The option --cpu-profiling-mode top-down
will make the PGPROF show the main subroutine at the top and the rest of functions it called below:
[name@server ~]$ pgprof --cpu-profiling-mode top-down -i a.prof
======== CPU profiling result (top down):
Time(%) Time Name
97.36% 35.2596s main
97.36% 35.2596s MAIN_
32.02% 11.5976s swim_mod_calc3_
29.98% 10.8578s swim_mod_calc2_
25.93% 9.38965s swim_mod_calc1_
6.82% 2.46976s swim_mod_inital_
1.76% 637.36ms __fvd_sin_vex_256
To find out what part of your application takes the longest time to run you can use the option --cpu-profiling-mode bottom-up
which orients the call tree to show each function followed by functions that called it working backwards to main.
[name@server ~]$ pgprof --cpu-profiling-mode bottom-up -i a.prof
======== CPU profiling result (bottom up):
Time(%) Time Name
32.02% 11.5976s swim_mod_calc3_
32.02% 11.5976s MAIN_
32.02% 11.5976s main
29.98% 10.8578s swim_mod_calc2_
29.98% 10.8578s MAIN_
29.98% 10.8578s main
25.93% 9.38965s swim_mod_calc1_
25.93% 9.38965s MAIN_
25.93% 9.38965s main
3.43% 1.24057s swim_mod_inital_
Working in graphical mode
In graphical mode, both data collection and analysis can be accomplished in the same session. There are several steps that need to be done to collect and visualize performance data in this mode:
- Launch the PGI profiler.
- Since the Pgrof's GUI is based on Java, it should be executed on the compute node in the interactive session rather than on the login node, as the latter does not have enough memory (see Java for more details). An interactive session can be started with
salloc --x11 ...
to enable X11 forwarding (see Interactive jobs for more details).
- Since the Pgrof's GUI is based on Java, it should be executed on the compute node in the interactive session rather than on the login node, as the latter does not have enough memory (see Java for more details). An interactive session can be started with
- In order to start a new session, open the File menu and click on New Session.
- Select the executable file you want to profile and then add any arguments appropriate for your profiling.
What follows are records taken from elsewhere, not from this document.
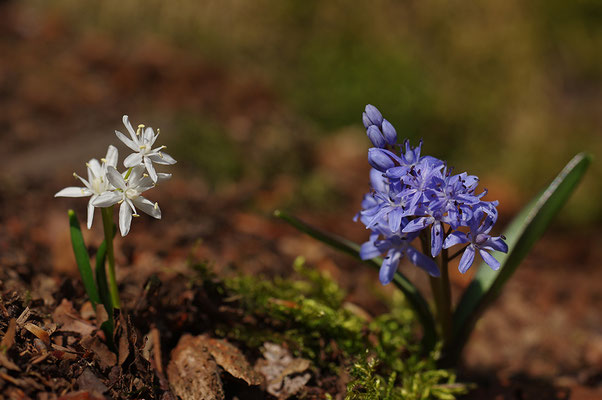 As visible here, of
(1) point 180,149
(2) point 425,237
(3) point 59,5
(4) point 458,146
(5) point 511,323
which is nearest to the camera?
(2) point 425,237

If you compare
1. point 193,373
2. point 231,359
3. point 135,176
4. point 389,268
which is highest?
point 389,268

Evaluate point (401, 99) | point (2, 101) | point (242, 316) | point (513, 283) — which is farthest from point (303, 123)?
point (242, 316)

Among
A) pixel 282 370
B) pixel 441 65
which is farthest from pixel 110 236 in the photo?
pixel 441 65

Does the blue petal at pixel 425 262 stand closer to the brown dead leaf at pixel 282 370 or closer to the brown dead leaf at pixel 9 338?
the brown dead leaf at pixel 282 370

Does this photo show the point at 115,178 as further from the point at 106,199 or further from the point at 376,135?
the point at 376,135

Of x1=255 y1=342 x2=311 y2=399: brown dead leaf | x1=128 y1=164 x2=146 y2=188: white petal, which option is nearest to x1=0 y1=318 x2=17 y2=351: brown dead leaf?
x1=128 y1=164 x2=146 y2=188: white petal

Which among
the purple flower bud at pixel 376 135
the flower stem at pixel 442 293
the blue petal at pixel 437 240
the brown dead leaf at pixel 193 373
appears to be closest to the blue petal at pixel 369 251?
the flower stem at pixel 442 293

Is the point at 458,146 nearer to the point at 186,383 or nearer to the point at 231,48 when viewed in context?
the point at 231,48
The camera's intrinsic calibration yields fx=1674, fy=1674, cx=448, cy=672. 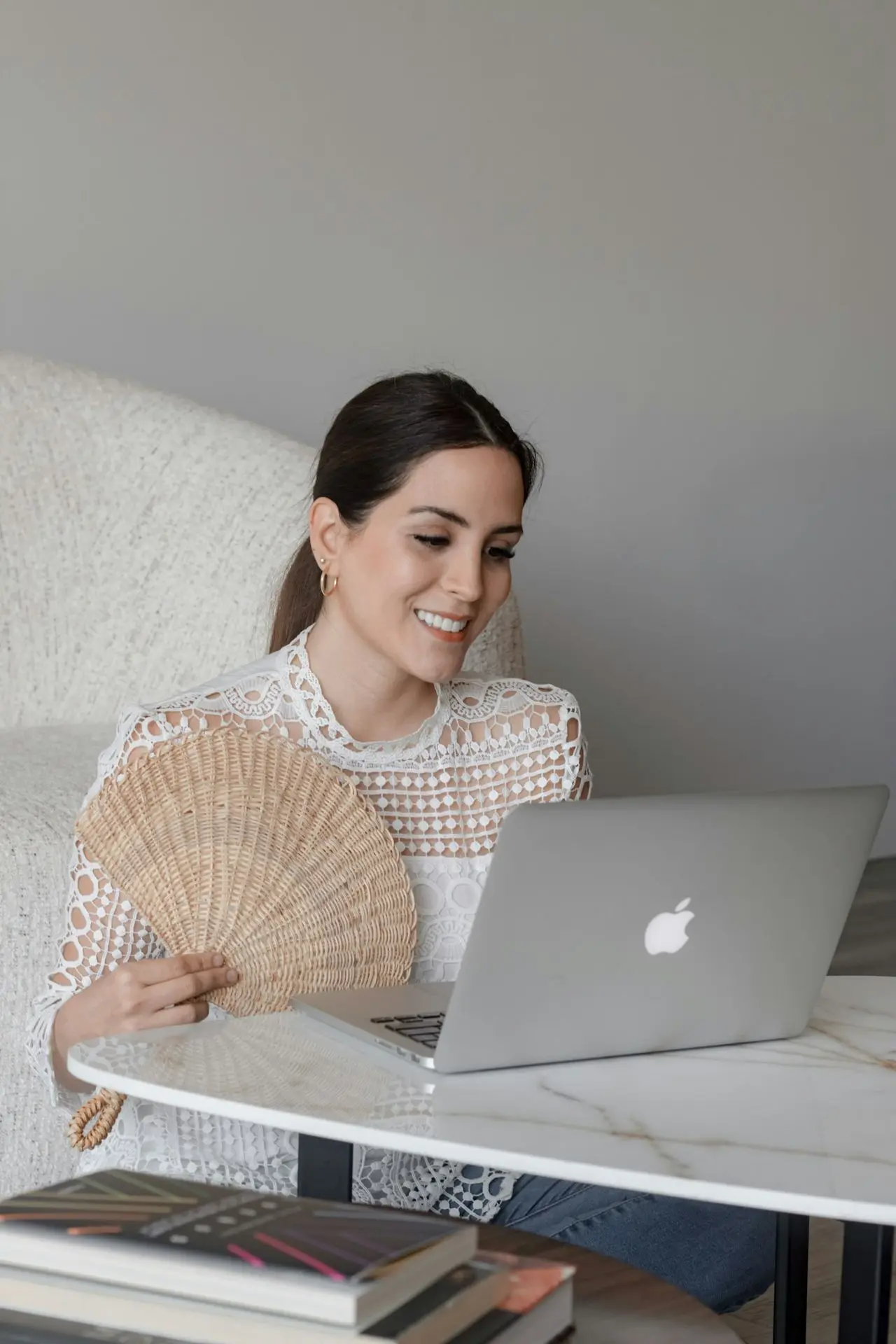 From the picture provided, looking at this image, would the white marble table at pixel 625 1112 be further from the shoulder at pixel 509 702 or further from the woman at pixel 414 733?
the shoulder at pixel 509 702

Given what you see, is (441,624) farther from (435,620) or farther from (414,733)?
(414,733)

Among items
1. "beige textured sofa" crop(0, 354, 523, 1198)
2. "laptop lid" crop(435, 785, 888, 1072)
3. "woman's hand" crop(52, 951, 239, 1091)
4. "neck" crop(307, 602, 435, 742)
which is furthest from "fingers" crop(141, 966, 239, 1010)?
"beige textured sofa" crop(0, 354, 523, 1198)

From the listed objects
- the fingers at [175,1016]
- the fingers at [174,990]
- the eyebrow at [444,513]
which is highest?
the eyebrow at [444,513]

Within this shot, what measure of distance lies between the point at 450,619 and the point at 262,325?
74.7 inches

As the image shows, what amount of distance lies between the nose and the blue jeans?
1.57ft

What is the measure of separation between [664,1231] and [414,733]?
1.59 ft

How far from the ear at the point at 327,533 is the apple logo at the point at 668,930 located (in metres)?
0.64

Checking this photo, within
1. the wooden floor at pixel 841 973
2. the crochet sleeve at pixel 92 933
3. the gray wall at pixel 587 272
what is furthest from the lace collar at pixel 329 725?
the gray wall at pixel 587 272

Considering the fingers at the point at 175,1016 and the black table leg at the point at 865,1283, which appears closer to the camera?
the black table leg at the point at 865,1283

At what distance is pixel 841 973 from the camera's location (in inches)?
126

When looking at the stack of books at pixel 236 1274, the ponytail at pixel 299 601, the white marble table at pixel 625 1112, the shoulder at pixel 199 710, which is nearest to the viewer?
the stack of books at pixel 236 1274

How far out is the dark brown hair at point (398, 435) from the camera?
1.48 metres

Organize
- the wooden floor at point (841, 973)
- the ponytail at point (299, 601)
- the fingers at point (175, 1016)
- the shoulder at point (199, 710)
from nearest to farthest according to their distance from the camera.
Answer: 1. the fingers at point (175, 1016)
2. the shoulder at point (199, 710)
3. the ponytail at point (299, 601)
4. the wooden floor at point (841, 973)

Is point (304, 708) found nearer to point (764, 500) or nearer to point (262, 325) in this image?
point (262, 325) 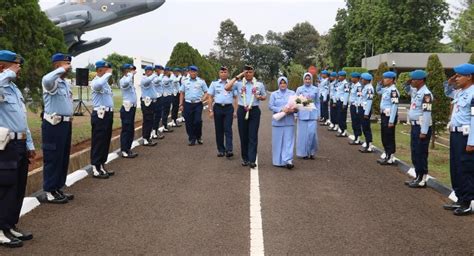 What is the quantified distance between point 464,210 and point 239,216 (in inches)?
114

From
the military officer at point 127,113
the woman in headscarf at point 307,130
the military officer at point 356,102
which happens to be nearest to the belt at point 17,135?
the military officer at point 127,113

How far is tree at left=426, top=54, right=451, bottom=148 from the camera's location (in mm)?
13151

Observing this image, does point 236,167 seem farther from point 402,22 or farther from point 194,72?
point 402,22

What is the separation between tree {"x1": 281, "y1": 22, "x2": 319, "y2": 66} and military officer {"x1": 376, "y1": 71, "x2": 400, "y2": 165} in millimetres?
85131

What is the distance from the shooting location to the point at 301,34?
98.6m

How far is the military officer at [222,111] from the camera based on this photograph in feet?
35.7

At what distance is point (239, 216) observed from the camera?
243 inches

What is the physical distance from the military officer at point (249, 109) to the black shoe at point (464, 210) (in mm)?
3998

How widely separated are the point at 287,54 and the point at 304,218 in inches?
3794

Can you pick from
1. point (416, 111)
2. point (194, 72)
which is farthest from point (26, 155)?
point (194, 72)

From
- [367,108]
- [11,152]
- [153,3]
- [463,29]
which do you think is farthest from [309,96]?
[463,29]

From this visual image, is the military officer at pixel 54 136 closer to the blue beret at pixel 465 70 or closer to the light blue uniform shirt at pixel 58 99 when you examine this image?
the light blue uniform shirt at pixel 58 99

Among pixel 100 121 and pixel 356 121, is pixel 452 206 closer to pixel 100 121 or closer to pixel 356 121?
pixel 100 121

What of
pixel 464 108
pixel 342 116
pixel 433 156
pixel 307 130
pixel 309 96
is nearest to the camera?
pixel 464 108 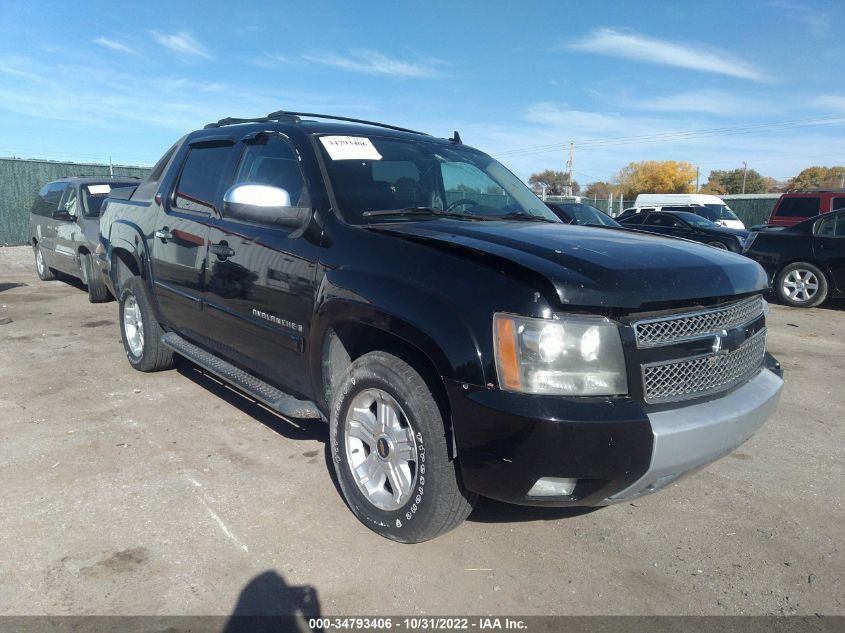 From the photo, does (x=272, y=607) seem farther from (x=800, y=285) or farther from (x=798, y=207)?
(x=798, y=207)

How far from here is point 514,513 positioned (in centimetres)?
326

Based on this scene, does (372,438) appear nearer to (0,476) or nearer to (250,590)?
(250,590)

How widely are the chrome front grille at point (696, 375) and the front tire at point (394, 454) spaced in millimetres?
815

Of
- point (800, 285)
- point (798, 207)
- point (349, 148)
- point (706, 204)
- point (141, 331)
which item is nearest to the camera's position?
point (349, 148)

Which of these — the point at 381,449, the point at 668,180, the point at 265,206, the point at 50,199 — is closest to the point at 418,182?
the point at 265,206

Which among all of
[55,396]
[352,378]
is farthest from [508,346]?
[55,396]

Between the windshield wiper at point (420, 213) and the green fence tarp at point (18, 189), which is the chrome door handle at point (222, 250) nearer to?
the windshield wiper at point (420, 213)

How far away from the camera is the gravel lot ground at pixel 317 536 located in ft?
→ 8.44

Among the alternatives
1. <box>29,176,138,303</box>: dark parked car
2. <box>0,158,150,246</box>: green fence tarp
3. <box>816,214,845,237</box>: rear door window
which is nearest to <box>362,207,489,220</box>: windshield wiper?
<box>29,176,138,303</box>: dark parked car

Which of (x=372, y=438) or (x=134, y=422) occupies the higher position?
(x=372, y=438)

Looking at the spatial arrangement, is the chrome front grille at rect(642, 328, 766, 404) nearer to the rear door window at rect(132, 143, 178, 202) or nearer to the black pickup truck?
the black pickup truck

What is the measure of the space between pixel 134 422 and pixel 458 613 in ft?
9.21

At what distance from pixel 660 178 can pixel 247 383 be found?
7563 centimetres

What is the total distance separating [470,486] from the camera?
8.30 ft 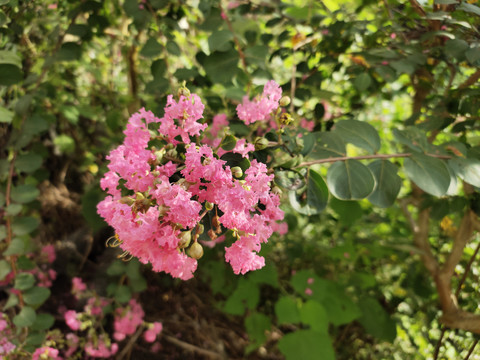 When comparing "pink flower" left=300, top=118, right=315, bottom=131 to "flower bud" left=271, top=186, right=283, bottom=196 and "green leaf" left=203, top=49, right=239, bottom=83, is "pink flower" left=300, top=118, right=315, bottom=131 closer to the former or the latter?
"green leaf" left=203, top=49, right=239, bottom=83

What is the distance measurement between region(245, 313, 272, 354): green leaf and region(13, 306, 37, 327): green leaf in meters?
0.81

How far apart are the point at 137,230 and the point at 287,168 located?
286 mm

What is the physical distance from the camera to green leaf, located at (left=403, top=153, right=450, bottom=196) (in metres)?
0.63

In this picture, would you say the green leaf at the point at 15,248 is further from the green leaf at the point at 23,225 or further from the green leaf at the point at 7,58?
the green leaf at the point at 7,58

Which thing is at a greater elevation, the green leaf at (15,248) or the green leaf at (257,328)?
the green leaf at (15,248)

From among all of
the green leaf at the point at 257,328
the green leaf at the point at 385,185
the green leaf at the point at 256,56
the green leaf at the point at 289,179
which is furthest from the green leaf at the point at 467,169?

- Click Next, then Finish.
- In the CPU Details tab, push on the Show the top-down (callers first) call tree view button as shown in the figure below.
Take note of these four panes in the graphical interface (see the image "Visualizing performance data", to the left):
- The Timeline: shows all the events ordered by the time they executed
- GPU details: shows performance details for the GPU kernels
- CPU details: shows performance details for the CPU functions
- The Property tab: shows all the details for a selected function in the timeline window
References
PGPROF is a product of PGI, which is a subsidiary of NVIDIA Corporation.